__Task to carry out__. Scan the records for the word "Cross". Copy each line that includes it.

__Data section__.
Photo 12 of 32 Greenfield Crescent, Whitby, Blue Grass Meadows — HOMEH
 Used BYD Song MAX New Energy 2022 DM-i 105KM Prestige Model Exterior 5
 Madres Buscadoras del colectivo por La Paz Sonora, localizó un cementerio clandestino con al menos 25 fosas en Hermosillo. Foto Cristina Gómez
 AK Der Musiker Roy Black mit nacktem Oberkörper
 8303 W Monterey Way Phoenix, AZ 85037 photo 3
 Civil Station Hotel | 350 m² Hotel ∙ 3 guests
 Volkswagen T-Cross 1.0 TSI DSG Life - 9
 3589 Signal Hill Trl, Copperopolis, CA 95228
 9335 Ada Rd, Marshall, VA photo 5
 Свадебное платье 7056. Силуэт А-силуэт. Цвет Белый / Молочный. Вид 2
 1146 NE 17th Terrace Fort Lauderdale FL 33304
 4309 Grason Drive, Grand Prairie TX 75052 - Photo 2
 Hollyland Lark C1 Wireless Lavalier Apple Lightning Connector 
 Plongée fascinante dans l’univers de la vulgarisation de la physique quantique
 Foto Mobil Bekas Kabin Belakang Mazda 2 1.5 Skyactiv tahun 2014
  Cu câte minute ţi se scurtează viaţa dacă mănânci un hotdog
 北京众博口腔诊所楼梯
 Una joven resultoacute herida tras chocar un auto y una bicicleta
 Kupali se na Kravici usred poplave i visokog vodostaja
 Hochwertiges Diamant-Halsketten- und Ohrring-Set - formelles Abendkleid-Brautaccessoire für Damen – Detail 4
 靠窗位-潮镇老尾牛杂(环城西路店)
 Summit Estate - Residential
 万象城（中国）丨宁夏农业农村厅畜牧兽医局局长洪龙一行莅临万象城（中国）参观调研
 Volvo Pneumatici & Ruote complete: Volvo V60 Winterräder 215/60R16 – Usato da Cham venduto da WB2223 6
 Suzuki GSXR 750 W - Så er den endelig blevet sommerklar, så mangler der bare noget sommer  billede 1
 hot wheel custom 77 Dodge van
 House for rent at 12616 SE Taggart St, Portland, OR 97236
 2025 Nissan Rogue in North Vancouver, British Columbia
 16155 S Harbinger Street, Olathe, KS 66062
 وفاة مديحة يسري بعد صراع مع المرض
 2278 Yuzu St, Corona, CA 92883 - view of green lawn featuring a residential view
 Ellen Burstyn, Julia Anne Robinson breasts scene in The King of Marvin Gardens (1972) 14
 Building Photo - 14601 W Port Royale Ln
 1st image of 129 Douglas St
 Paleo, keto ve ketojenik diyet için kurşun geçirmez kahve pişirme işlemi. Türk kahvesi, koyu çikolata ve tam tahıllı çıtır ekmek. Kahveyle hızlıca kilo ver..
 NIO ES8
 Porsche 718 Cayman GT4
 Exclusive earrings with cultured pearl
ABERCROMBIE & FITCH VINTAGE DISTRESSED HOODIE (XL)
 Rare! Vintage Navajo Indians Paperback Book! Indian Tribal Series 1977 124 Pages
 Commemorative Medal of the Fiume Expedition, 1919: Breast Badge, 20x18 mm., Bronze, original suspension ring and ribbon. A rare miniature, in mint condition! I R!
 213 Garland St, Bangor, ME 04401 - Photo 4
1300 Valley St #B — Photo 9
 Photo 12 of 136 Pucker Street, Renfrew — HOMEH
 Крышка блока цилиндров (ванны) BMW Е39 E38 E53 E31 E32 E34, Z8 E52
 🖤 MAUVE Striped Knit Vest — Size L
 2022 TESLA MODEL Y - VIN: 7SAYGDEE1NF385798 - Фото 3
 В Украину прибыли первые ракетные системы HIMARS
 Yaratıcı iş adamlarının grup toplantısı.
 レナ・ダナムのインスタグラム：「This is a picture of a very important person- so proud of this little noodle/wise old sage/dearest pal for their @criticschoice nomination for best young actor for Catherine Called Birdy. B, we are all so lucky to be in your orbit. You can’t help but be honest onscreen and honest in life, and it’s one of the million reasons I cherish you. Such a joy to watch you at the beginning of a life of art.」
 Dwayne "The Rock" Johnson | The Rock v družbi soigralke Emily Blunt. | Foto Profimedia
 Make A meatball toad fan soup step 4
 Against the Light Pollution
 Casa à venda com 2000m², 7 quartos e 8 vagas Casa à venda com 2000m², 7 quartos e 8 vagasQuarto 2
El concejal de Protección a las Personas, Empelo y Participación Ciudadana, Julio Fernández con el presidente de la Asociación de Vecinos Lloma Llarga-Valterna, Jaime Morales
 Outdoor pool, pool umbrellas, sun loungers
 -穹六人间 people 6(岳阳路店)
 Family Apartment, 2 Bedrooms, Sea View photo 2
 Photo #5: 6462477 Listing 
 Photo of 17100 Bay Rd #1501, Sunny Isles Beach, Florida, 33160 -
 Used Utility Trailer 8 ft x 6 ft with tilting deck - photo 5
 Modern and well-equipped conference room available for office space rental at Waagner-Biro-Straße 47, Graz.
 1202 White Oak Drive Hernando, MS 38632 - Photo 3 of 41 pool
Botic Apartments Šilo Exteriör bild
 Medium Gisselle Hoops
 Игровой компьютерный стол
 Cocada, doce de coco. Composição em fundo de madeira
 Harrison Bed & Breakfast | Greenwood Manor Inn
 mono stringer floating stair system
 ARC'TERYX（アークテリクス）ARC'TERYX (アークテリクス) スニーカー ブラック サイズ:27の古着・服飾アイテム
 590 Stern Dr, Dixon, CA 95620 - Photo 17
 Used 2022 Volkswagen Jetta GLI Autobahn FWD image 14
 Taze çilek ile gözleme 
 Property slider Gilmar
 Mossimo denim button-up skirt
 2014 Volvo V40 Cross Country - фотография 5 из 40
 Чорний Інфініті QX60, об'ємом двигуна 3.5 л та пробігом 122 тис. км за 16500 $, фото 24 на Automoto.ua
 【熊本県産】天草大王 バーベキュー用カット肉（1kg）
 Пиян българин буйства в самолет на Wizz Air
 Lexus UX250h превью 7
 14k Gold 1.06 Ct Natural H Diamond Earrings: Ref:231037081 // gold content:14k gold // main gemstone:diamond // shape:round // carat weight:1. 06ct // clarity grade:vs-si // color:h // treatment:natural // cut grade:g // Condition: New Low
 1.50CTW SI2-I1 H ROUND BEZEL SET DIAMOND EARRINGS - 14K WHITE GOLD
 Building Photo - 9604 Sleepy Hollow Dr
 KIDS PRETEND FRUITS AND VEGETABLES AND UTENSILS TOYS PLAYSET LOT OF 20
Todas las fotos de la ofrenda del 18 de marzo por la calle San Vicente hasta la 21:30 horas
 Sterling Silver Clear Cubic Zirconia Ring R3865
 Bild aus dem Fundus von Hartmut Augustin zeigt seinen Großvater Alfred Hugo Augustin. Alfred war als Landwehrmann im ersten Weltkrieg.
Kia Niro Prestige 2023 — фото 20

__Exercise response__.
 Volkswagen T-Cross 1.0 TSI DSG Life - 9
 2014 Volvo V40 Cross Country - фотография 5 из 40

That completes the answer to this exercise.